On the Gateway pipeline, a de -bottlenecking project is underway that will allow us to fully utilize our interest on the EPIC pipeline and optimize our deliveries from the Delaware Basin into the Gateway pipeline for deliveries into Mont Belvieu. These upgrades are expected to be completed in 2025. As a reminder, this undivided interest was acquired as part of the Crestwood acquisition, and it’s just one of the several synergy projects we are working on. And on the Lone Star Express, we are completing upgrades that are expected to provide more than 90,000 barrels per day of incremental Permian NGL take-away capacity upon its anticipated in-service in 2026. The combined project costs are expected to be approximately $125 million. Upon completion of these two projects, our total deliverability into Mont Belvieu is expected to increase to more than 1.3 million barrels per day.
As we mentioned on our last call in early 2024, we closed on the acquisition of two pipelines, the Sabina 1 pipeline from Mont Belvieu to the Houston Ship Channel and the Sabina 2 pipeline from Mont Belvieu to our Nederland Terminal. We recently commenced the conversion of the Sabina 2 pipeline to provide additional natural gasoline service between our Mont Belvieu NGL complex and our Nederland and Storage and Export Terminal. This project, which we anticipate will be in service in 2025, is expected to increase the capacity from 25,000 barrels per day to approximately 70,000 barrels per day. In addition, discussions are ongoing to provide transportation for potentially multiple products on the Sabina 1 pipeline that extends from Mont Belvieu to the Houston Ship Channel As a reminder, in addition to the incremental processing capacity acquired through the Crestwood acquisition, we are expanding our processing capacity at several of our existing processing plants.

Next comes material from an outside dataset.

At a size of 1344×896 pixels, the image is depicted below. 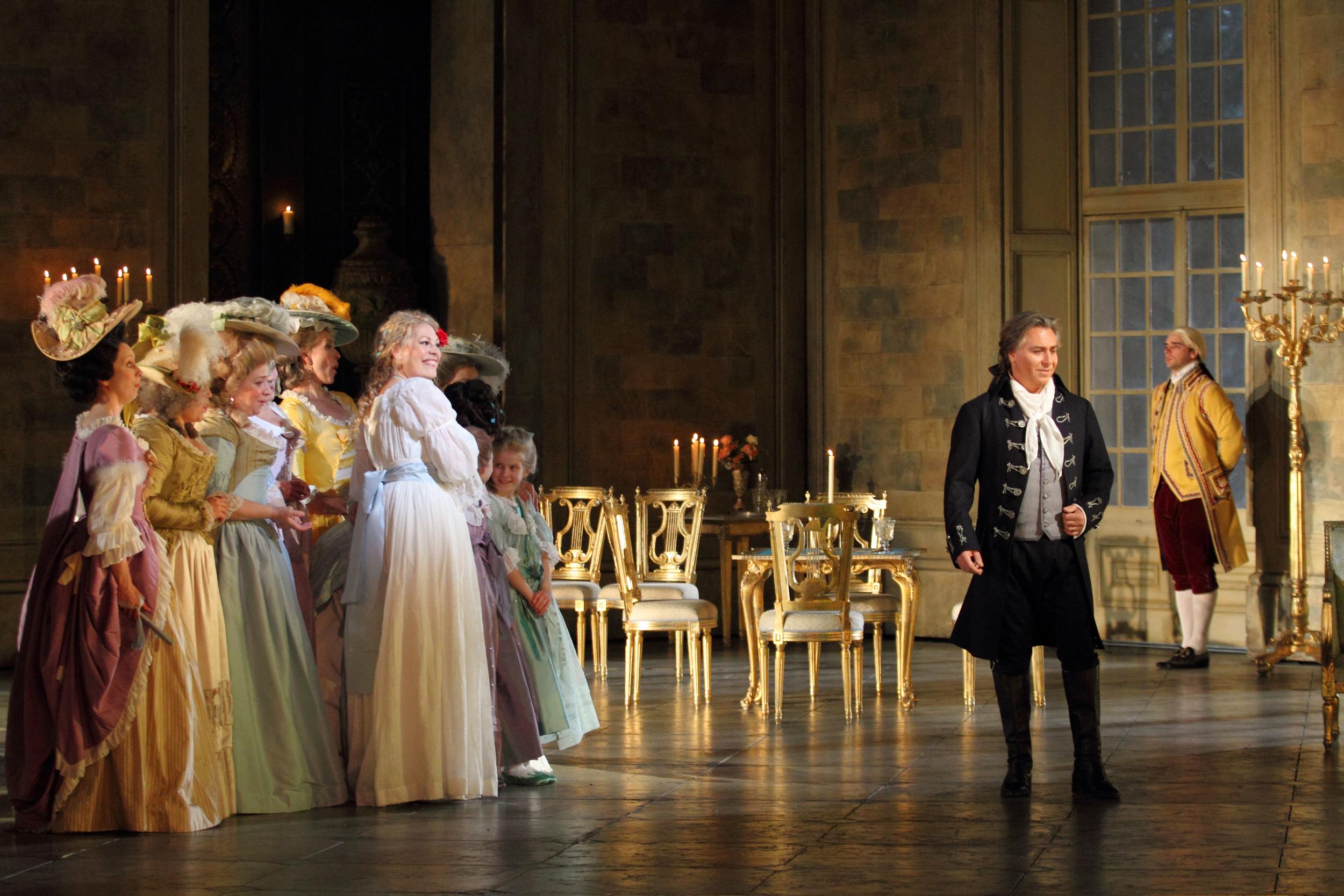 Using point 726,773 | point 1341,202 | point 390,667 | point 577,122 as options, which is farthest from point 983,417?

In total, we are moving forward with upgrades to add approximately 200 million cubic feet per day of processing capacity in West Texas. In addition, we recently completed upgrades in South Texas that added approximately 60 million cubic feet per day. These upgrades can be completed at more favorable capital cost when compared to building a new processing plant. Also, we continue to increase optionality and improve reliability along our pipeline systems. At the end of 2023, we completed a backhaul project on our Trunkline pipeline. The project added an incremental 400,000 Mcf per day of southern flow capacity on the pipeline system at very efficient capital cost. Looking at our crude oil assets, we are adding a direct connection from Midland to our pipeline that flows from the Permian Basin to Cushing.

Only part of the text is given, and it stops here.